Let’s look at the airway dataset as an example of a typical small-scale RNA-Seq experiment. In this experiment, four Airway Smooth Muscle (ASM) cell lines are treated with the asthma medication dexamethasone.
The function weitrix_calibrate_all
will be used to assign precision weights to log Counts Per Million values.
library(weitrix)
library(ComplexHeatmap)
library(EnsDb.Hsapiens.v86)
library(edgeR)
library(limma)
library(reshape2)
library(tidyverse)
library(airway)
set.seed(1234)
# BiocParallel supports multiple backends.
# If the default hangs or errors, try others.
# The most reliable backed is to use serial processing
BiocParallel::register( BiocParallel::SerialParam() )
data("airway")
airway
## class: RangedSummarizedExperiment
## dim: 63677 8
## metadata(1): ''
## assays(1): counts
## rownames(63677): ENSG00000000003 ENSG00000000005 ... ENSG00000273492
## ENSG00000273493
## rowData names(10): gene_id gene_name ... seq_coord_system symbol
## colnames(8): SRR1039508 SRR1039509 ... SRR1039520 SRR1039521
## colData names(9): SampleName cell ... Sample BioSample
Initial steps are the same as for a differential expression analysis.
counts <- assay(airway,"counts")
design <- model.matrix(~ dex + cell, data=colData(airway))
good <- filterByExpr(counts, design=design)
table(good)
## good
## FALSE TRUE
## 46817 16860
airway_dgelist <- DGEList(counts[good,]) %>% calcNormFactors()

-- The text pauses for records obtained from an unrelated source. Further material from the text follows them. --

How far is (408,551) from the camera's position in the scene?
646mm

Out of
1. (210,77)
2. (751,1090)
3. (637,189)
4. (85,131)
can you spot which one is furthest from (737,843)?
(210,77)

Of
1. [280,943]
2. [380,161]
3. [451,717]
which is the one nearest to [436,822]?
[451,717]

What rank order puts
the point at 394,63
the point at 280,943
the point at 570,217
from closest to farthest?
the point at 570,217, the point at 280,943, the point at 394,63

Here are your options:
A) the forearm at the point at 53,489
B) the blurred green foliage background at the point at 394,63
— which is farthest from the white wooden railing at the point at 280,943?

airway_lcpm <- cpm(airway_dgelist, log=TRUE, prior.count=1)
log2 CPM values have been calculated, with an added “prior” count of (on average) 1 read, so that zeros aren’t sent to negative infinity.

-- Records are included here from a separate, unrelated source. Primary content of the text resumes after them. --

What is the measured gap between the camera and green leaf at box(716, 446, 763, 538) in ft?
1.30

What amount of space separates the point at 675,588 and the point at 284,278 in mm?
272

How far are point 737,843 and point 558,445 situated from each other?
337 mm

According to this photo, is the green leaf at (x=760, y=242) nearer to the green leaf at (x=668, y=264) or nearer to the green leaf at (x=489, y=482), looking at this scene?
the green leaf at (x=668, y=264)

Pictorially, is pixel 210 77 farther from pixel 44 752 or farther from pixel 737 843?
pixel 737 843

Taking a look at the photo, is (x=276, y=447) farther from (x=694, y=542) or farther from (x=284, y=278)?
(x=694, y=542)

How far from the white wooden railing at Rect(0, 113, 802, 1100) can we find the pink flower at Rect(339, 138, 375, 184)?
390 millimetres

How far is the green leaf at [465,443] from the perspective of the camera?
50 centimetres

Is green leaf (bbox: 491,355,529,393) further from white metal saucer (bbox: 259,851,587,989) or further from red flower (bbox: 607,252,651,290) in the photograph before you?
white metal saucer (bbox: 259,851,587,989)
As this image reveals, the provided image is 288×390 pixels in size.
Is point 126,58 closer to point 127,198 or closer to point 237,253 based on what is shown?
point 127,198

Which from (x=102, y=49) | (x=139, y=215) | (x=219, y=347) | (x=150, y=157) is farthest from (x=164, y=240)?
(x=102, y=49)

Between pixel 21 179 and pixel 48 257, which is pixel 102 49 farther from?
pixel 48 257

airway_weitrix <- as_weitrix(airway_lcpm)
# Include row and column information
colData(airway_weitrix) <- colData(airway)
rowData(airway_weitrix) <-
mcols(genes(EnsDb.Hsapiens.v86))[rownames(airway_weitrix),c("gene_name","gene_biotype")]
airway_weitrix
## class: SummarizedExperiment
## dim: 16860 8
## metadata(1): weitrix
## assays(2): x weights
## rownames(16860): ENSG00000000003 ENSG00000000419 ... ENSG00000273487
## ENSG00000273488
## rowData names(2): gene_name gene_biotype
## colnames(8): SRR1039508 SRR1039509 ... SRR1039520 SRR1039521
## colData names(9): SampleName cell ... Sample BioSample
To calibrate, we need predicted expression levels so we can calculate residuals. The function weitrix_components
can provide linear model fits to each gene. (We will see a more advanced use of this function later.)

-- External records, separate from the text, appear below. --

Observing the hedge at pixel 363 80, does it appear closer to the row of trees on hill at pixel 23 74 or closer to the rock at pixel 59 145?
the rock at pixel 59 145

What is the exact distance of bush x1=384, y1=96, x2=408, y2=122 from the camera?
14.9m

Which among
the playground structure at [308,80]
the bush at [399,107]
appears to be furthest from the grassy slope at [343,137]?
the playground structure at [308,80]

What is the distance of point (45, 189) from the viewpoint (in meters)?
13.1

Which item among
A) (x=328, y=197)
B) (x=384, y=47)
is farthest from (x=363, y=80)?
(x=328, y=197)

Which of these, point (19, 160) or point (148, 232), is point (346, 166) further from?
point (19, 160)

fit <- weitrix_components(airway_weitrix, design=design)
Currently the weitrix has weights uniformly equal to 1. Examining residuals, we see a variance trend relative to the linear model prediction.
Each dot in the plot below is a residual weighted by sqrt(weight). The x-axis is the linear model prediction. The y-axis is the weighted residual (all weights are currently 1). The red lines show the mean and the mean +/- one standard deviation.
weitrix_calplot(airway_weitrix, fit, covar=mu, guides=FALSE)
We will use the function weitrix_calibrate_all
to set the weights by fitting a gamma GLM with log link function to the weighted squared residuals. 1 over the predictions from this GLM are used as weights. Here we fit a natural spline based on the linear model predictions from fit
, which are referred to in the formula as mu
. well_knotted_spline
is a wrapper around splines::ns
for natural splines with improved choice of knot locations.
airway_cal <- weitrix_calibrate_all(
airway_weitrix,
design = fit,
trend_formula = ~well_knotted_spline(mu,5))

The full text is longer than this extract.